**Supplied data:**
______________________________

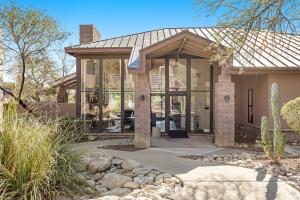 a home with glass doors and a stone walkway at Canyon Crest Condo in Tucson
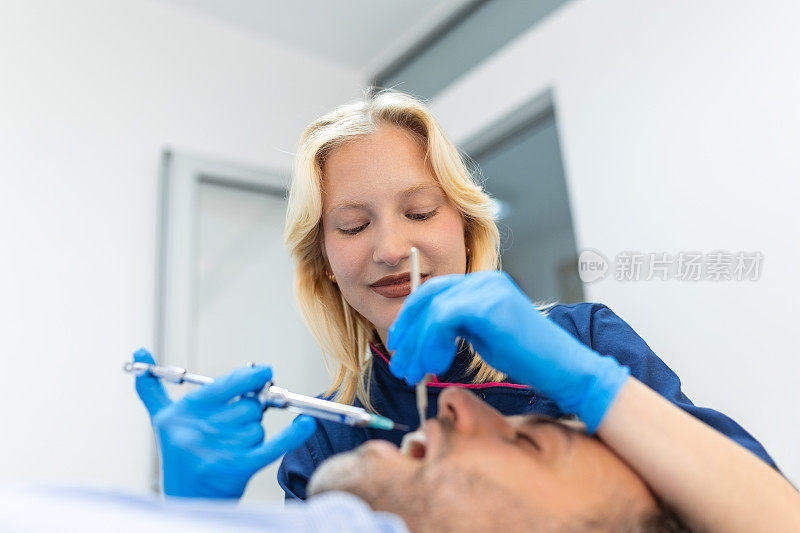 止痛药麻醉注射。牙医在现代牙科诊所检查病人的牙齿。特写裁剪图片与copyspace。穿蓝色制服的女医生。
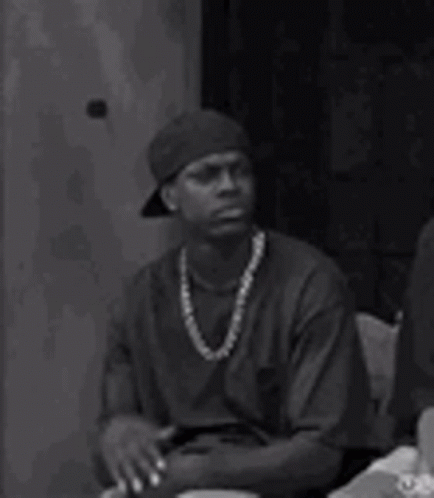 A Man Wearing A Hat And A Necklace Is Sitting At A Table With His Hands Folded . GIF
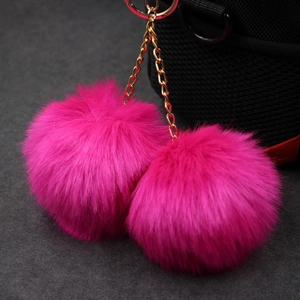 Detail view of fuchsia faux rabbit fur double pompom keychain on a black textured bag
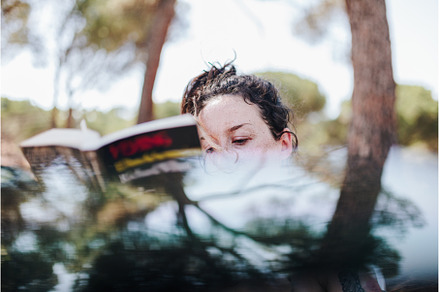 Young woman reading a book in a park, a Holiday Photo by Manu Reyes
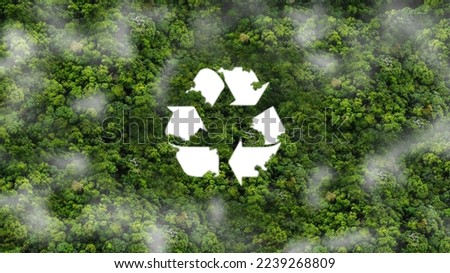 Recycled signage concept amidst the natural beauty of the natural environment. Ecological metaphor for ecological waste management and sustainable and frugal lifestyles. Royalty-Free Stock Photo #2239268809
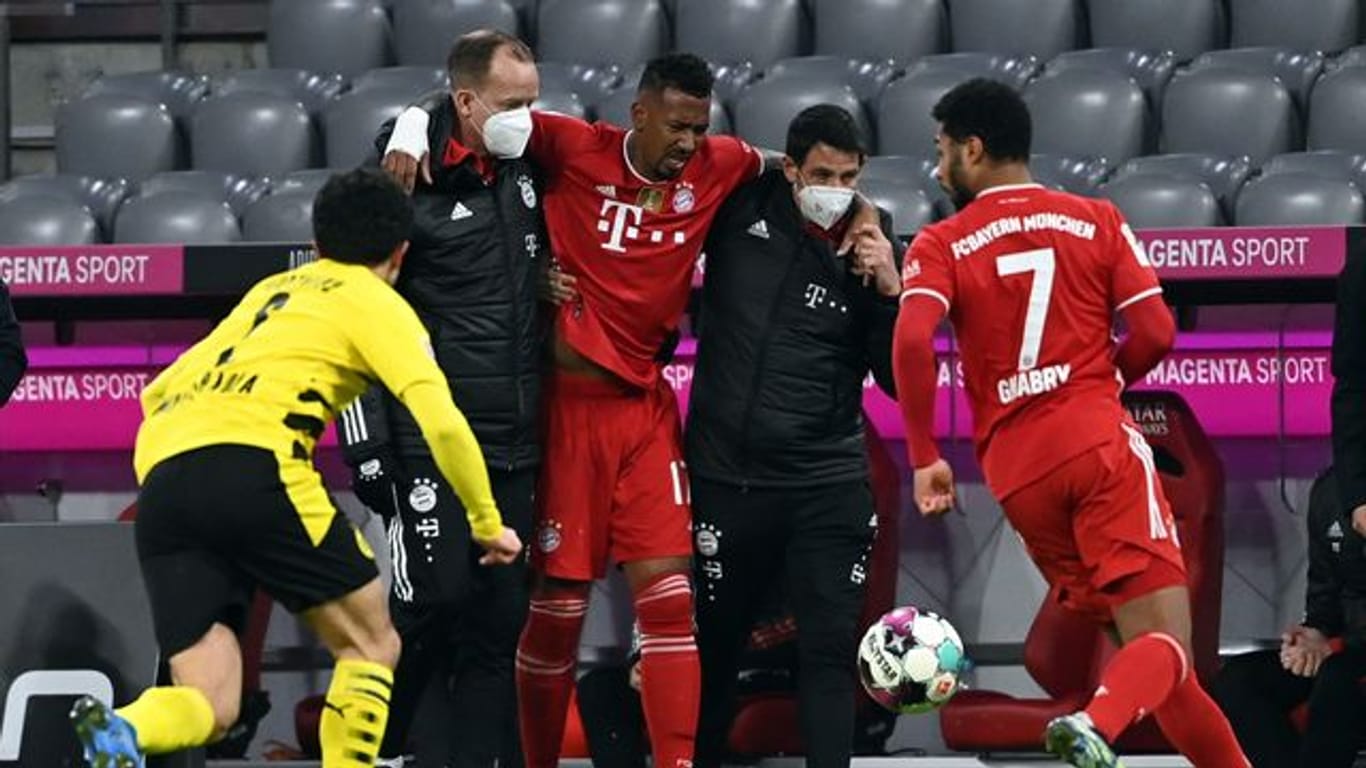 Münchens Abwehrspieler Jerome Boateng (M) wird verletzt vom Platz geführt.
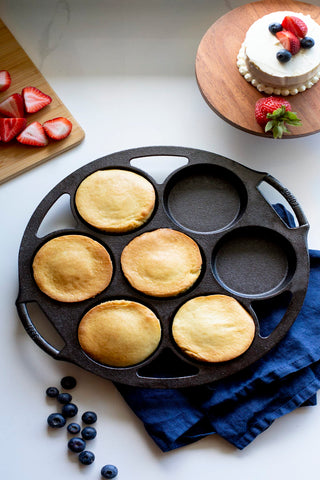Lodge pan filled with golden biscuits demonstrating even browning and portion control benefit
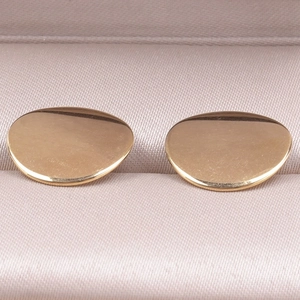 Macro shot of polished gold irregular bean earrings presented in a luxury satin jewelry box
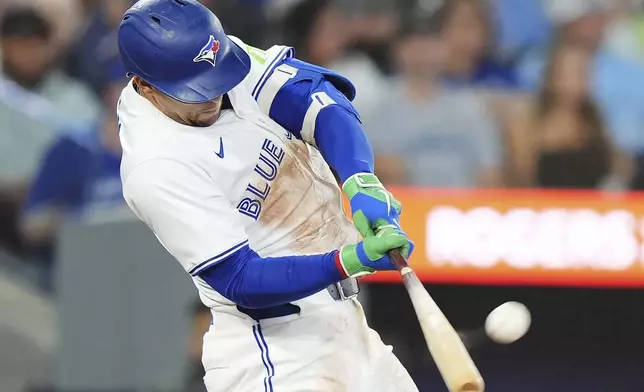 Toronto Blue Jays' George Springer hits a solo home run against the Minnesota Twins during the second inning of a baseball game in Toronto on Tuesday, Aug. 26, 2025. (Frank Gunn/The Canadian Press via AP)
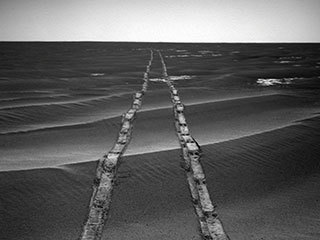 In this navigation camera raw image, NASA's Opportunity Rover looks back over its own tracks on Aug. 4, 2010. NASA's Jet Propulsion Laboratory, a division of Caltech in Pasadena, manages the Mars Exploration Rover Project for NASA's Science Mission Directorate, Washington.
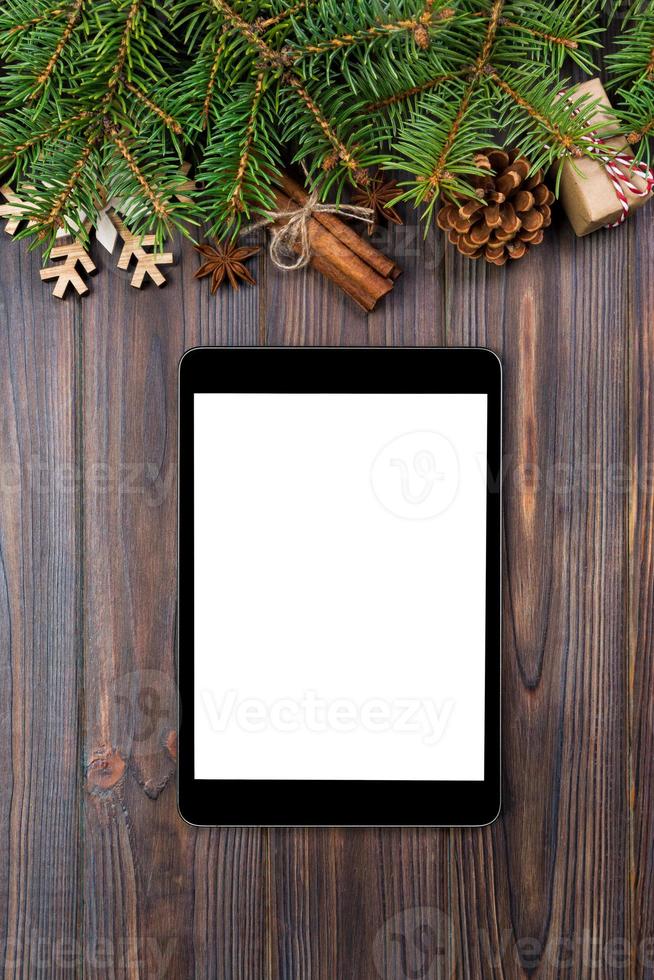 Digital tablet mock up with rustic Christmas wood background decorations for app presentation. top view with copy space photo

______________________________

**Exercise aim:**
Using the records above, repeat exactly the run of lines that starts with the line with "Recycled signage concept" and goes on through the line with "Toronto Blue Jays'"; omit each picture.

**Task solution:**
 Recycled signage concept amidst the natural beauty of the natural environment. Ecological metaphor for ecological waste management and sustainable and frugal lifestyles. Royalty-Free Stock Photo #2239268809
 Münchens Abwehrspieler Jerome Boateng (M) wird verletzt vom Platz geführt.
Lodge pan filled with golden biscuits demonstrating even browning and portion control benefit
 Macro shot of polished gold irregular bean earrings presented in a luxury satin jewelry box
 Toronto Blue Jays' George Springer hits a solo home run against the Minnesota Twins during the second inning of a baseball game in Toronto on Tuesday, Aug. 26, 2025. (Frank Gunn/The Canadian Press via AP)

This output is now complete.